**Data for this task**
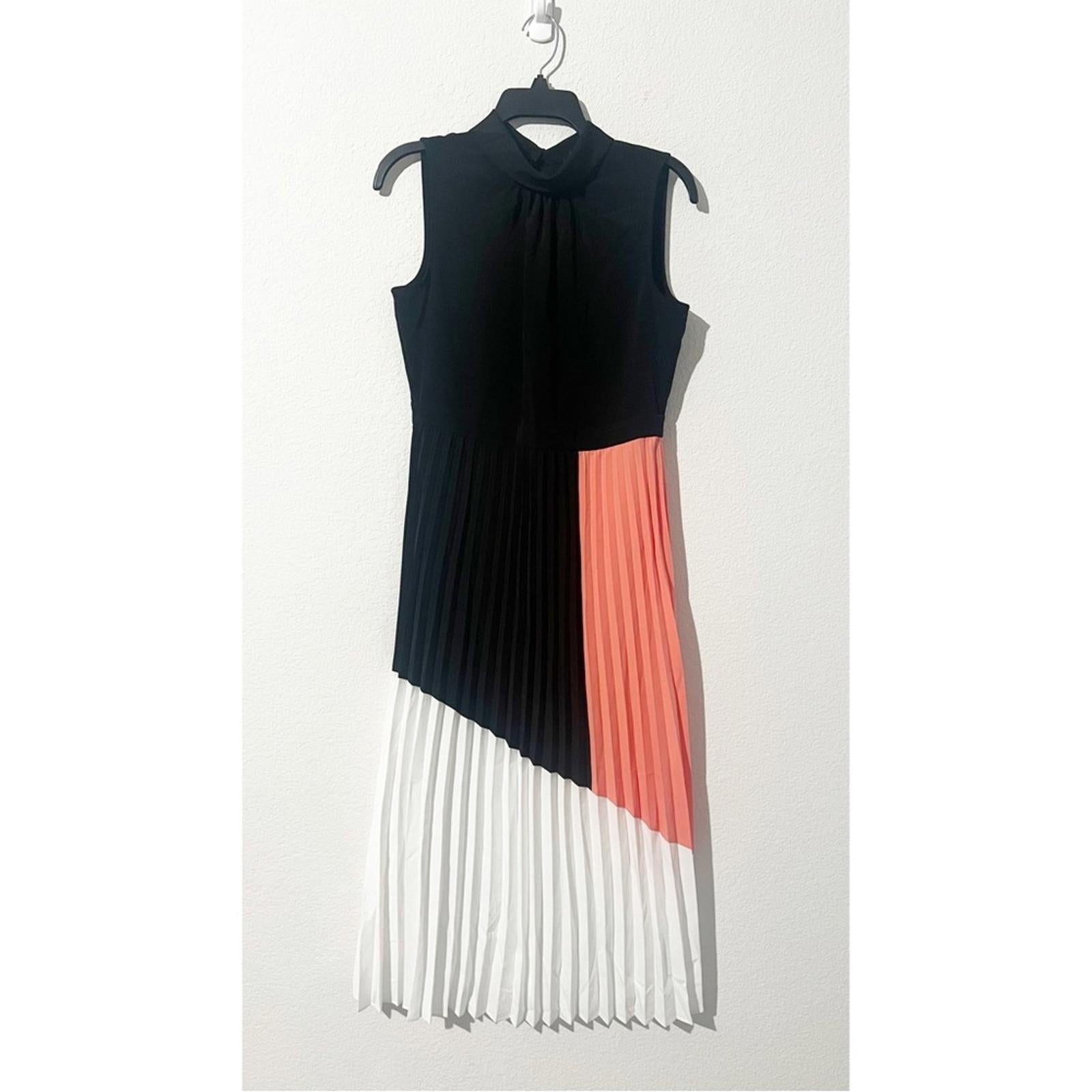 Karl Lagerfeld Pleated Printed Midi Dress, NEW, Size 4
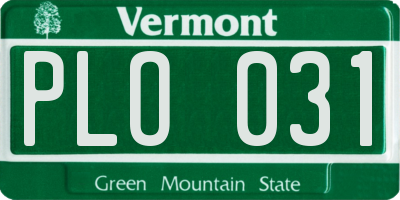 VT license plate PLO031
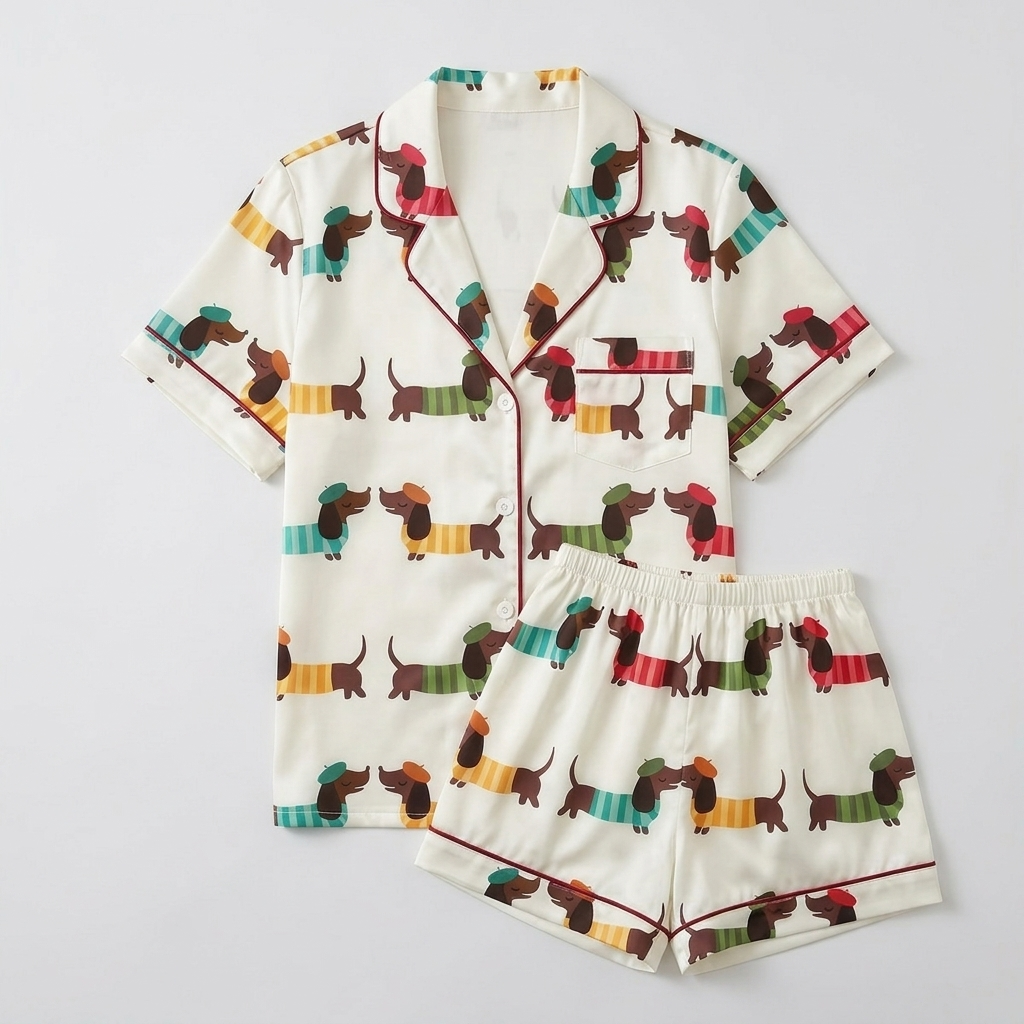 Women's satin pajama set with dachshunds in mustard, teal, green and red striped sweaters on white - flat lay
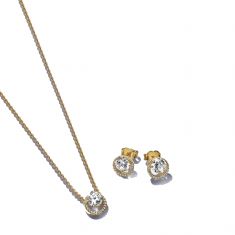Pandora Sparkling Round Halo Jewelry Gift Set, Gold-Plated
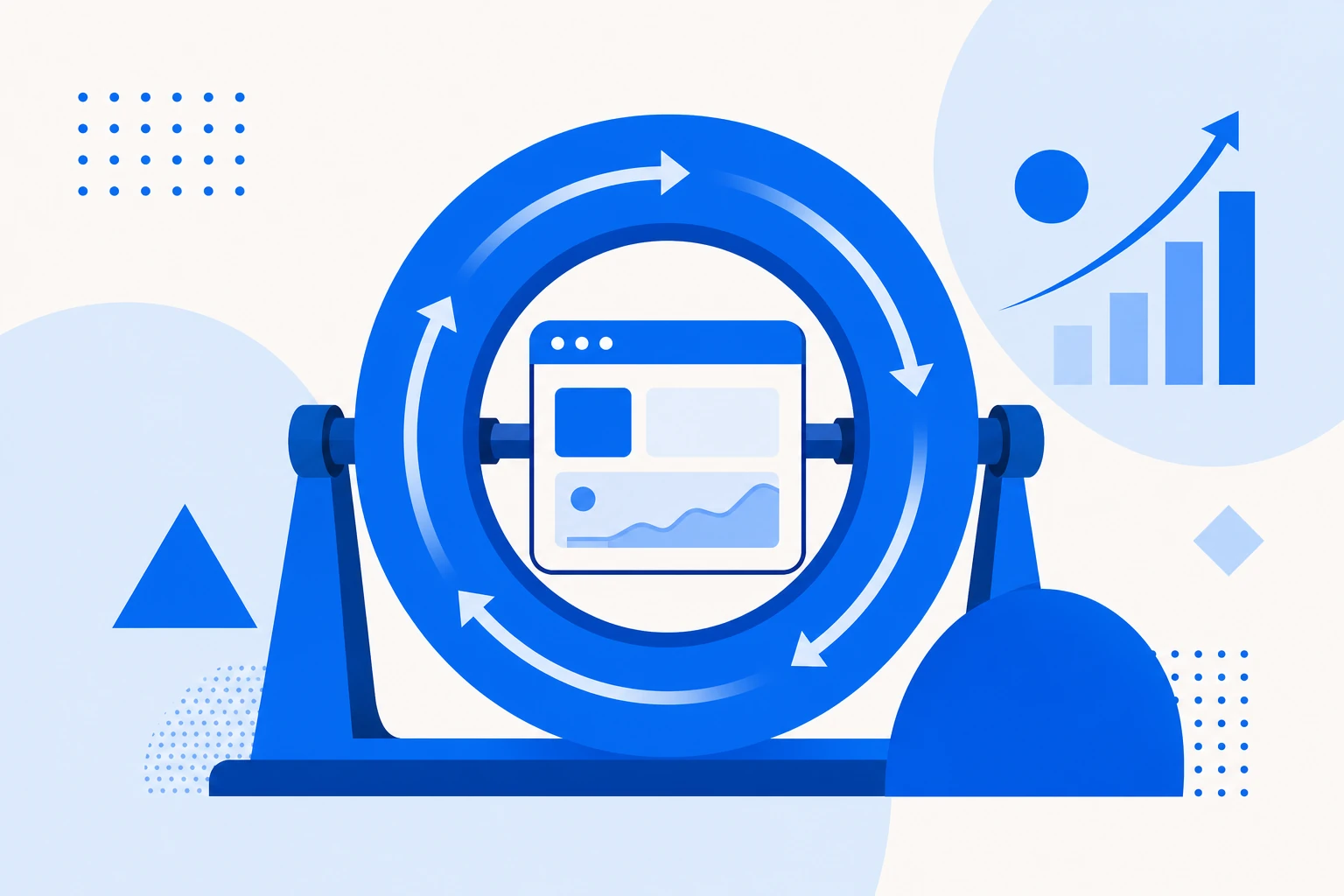 Ilustração de product-led growth: o produto no centro, funcionando como motor que puxa aquisição, ativação, conversão e expansão.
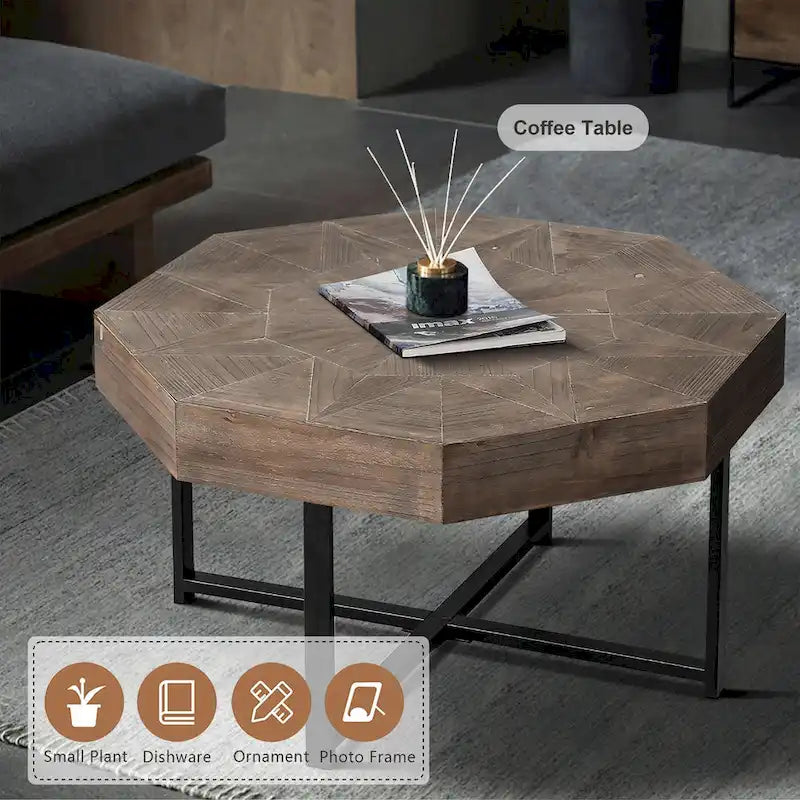 Table Basse Octogonale Vintage en Bois Massif avec Piètement Métallique
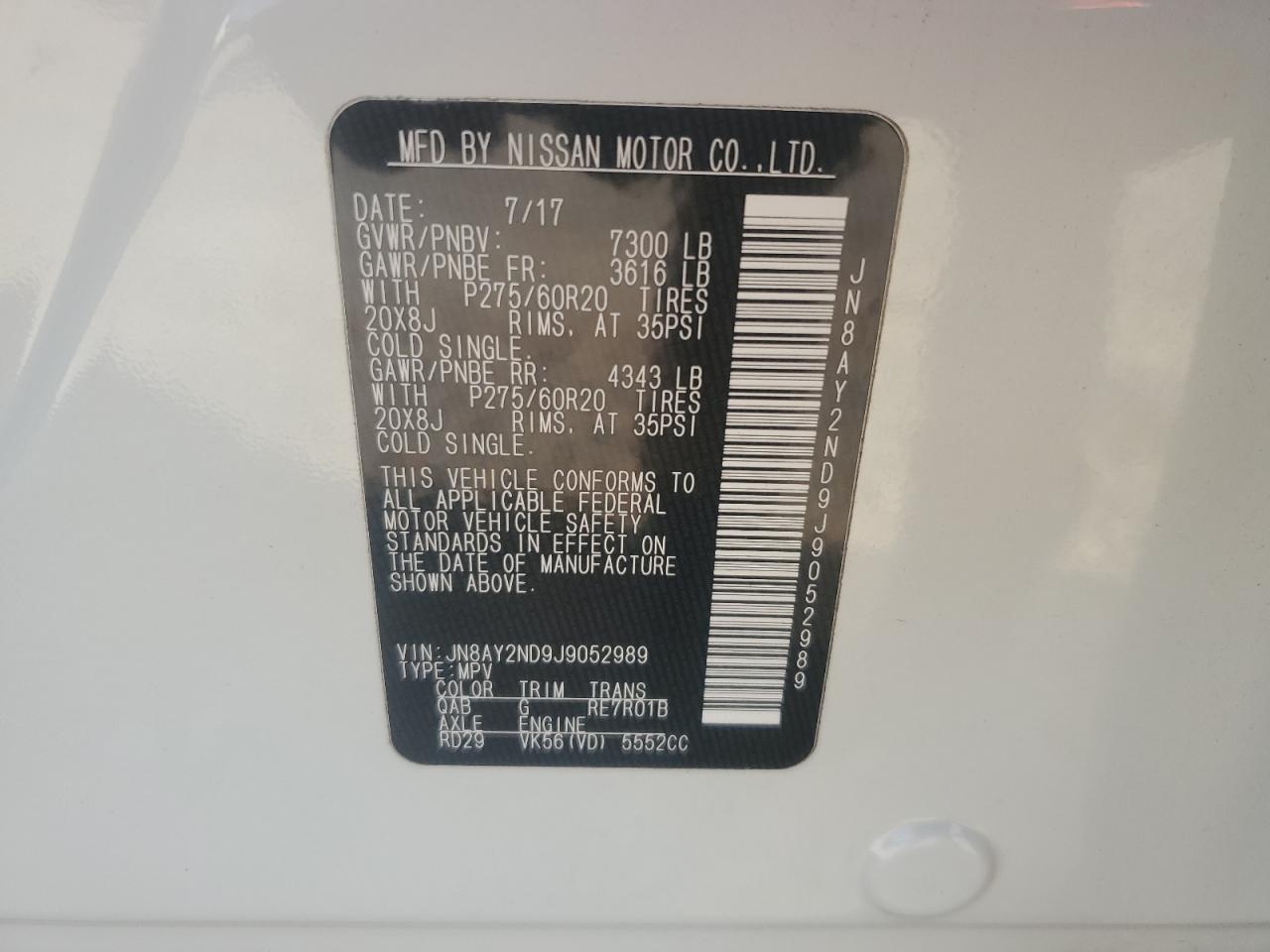 2018 Nissan Armada Sv VIN: JN8AY2ND9J9052989 Lot: 81163775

**Work to be completed**
The lines to reproduce run from the one above containing "Pandora Sparkling Round" through the one containing "Table Basse Octogonale". Copy them exactly and leave out all pictures.

**Output**
Pandora Sparkling Round Halo Jewelry Gift Set, Gold-Plated
 Ilustração de product-led growth: o produto no centro, funcionando como motor que puxa aquisição, ativação, conversão e expansão.
 Table Basse Octogonale Vintage en Bois Massif avec Piètement Métallique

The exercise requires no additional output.